We called a code on a pt who had gone into V-Tach and didn't have a palpable pulse or a waveform on the pulse ox (or the A-line...I think the pt had an A-line). The nurse got to the bedside immediately after the rhythm change on the monitor and the pt was still 'awake' (barely, and definitely altered) and even started struggling weakly as compressions were started. *Still* required 2-3 rounds CPR and a shock, then lost the pulse again a couple minutes later and got more CPR and I think 4 more shocks (plus some amiodarone and standard ACLS drugs throughout the whole episode). Delaying calling the code would not have helped anything!

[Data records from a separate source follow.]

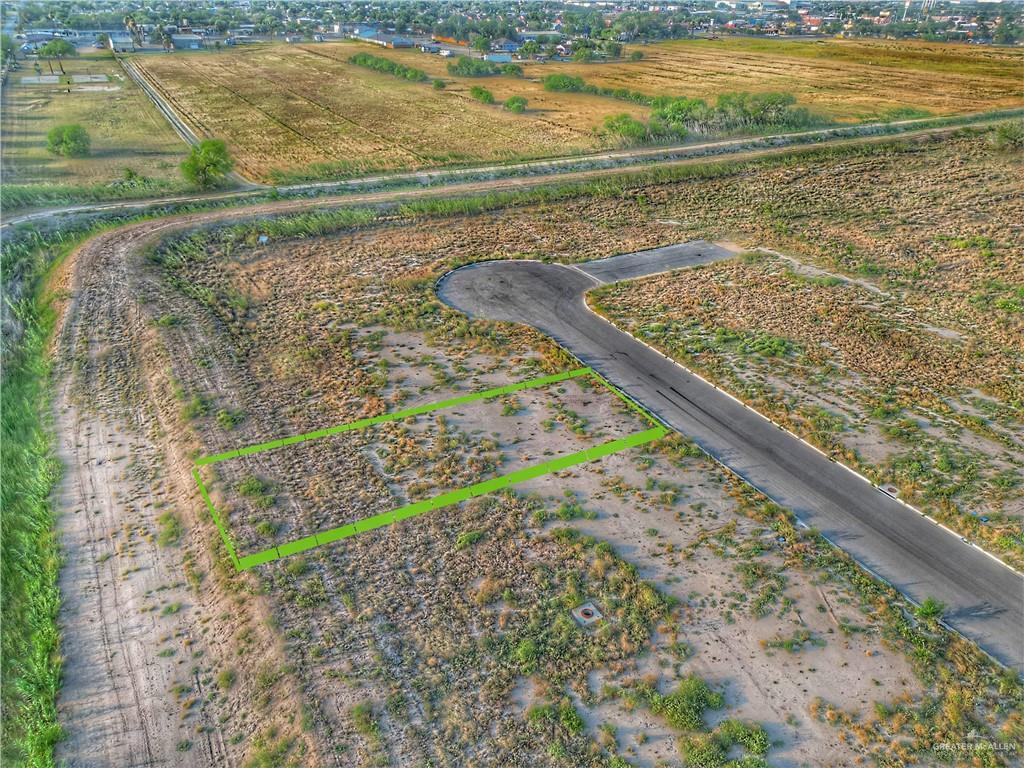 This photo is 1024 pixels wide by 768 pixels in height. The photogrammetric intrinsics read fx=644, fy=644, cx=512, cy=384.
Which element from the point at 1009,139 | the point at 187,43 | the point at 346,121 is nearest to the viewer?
the point at 1009,139

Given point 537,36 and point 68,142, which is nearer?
point 68,142

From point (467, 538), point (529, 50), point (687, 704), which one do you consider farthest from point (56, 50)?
point (687, 704)

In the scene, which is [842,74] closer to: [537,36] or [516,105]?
[537,36]

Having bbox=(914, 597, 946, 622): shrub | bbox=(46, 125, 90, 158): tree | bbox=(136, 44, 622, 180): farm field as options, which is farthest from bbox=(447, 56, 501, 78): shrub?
bbox=(914, 597, 946, 622): shrub

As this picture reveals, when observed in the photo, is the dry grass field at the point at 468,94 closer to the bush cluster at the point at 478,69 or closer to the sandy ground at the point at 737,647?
the bush cluster at the point at 478,69

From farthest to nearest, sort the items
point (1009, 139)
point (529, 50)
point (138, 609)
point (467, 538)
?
point (529, 50), point (1009, 139), point (467, 538), point (138, 609)

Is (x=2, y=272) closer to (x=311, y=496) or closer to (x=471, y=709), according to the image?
(x=311, y=496)

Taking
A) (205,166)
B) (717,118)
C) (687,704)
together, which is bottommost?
(687,704) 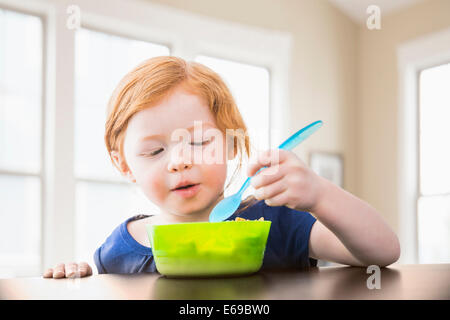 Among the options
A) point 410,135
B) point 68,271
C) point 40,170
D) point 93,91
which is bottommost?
point 68,271

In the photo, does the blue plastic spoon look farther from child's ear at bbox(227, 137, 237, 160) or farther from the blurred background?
the blurred background

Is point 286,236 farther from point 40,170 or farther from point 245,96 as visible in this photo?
point 245,96

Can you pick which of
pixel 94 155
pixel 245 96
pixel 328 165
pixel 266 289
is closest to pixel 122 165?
pixel 266 289

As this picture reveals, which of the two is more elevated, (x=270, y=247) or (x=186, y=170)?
(x=186, y=170)

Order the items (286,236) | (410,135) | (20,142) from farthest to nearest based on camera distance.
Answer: (410,135) < (20,142) < (286,236)

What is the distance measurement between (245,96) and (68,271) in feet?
11.2

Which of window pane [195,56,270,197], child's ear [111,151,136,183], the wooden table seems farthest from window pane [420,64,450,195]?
the wooden table

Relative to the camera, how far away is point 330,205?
655 mm

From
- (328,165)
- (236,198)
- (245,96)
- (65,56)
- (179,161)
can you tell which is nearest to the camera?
(236,198)

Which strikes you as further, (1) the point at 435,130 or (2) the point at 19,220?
(1) the point at 435,130

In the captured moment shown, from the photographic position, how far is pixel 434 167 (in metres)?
4.18

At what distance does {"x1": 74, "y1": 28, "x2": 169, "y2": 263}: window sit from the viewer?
10.7 feet

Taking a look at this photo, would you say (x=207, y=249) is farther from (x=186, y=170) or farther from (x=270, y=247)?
(x=270, y=247)

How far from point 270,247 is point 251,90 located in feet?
10.5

Also, you gotta figure that unless you were *with* the pt at the moment of (presumed) syncope, there will always be some amount of delay as the first person gets to the room, sees the pt unresponsive, yells 'Mrs. Jones!' a couple of times, gets the lights turned on, calls for help and puts the bed flat. So, if they have no pulse, they've already been not-perfusing for more than 10 seconds. Adding to this time won't improve their chances.

Our SWAT/RRT team is really good about saying they'd rather come to a false-alarm code than have someone wait to call for help.

Specializes in Oncology.
My hospital does have a rapid response team, however an unresponsive person can go from bad to worse very quickly, so it wastes less time to call a code.

Someone can be unresponsive for a lot of reasons, some of which can last awhile, and some of which are associated with normal vitals.

Trust your gut! [emoji106]

Specializes in Family practice, emergency.

10 seconds is a really long time to be feeling for a pulse, so if you're not sure you feel it in that time, call the code and start compressions. I have worked on rapid response teams and code teams for many years and agree with my ICU colleague that I should not arrive and be the person to start compressions or realize this person is in arrest. That being said, I will also piggyback on highlighting WHERE you feel for a pulse. If the person has a low BP, you will not palpate a radial pulse. Get comfortable with carotid/femoral pulse checks. It is really easy to stand back on a person that was rapidly revived and roll your eyes, but finding someone unresponsive or seeing someone go unresponsive still elicits a sphincter response in even the most experienced of us.

Specializes in Oncology, Medical Surgical, Tele, Hospic.

Hey,

If you cannot feel a pulse start cpr! As part of the rotation you reassess for pulse. I am always under the impression to do too much then nothing at all.

Specializes in Hospice/Palliative, LTAC/SNF.

Check apical HR, if nothing, I initiate compressions.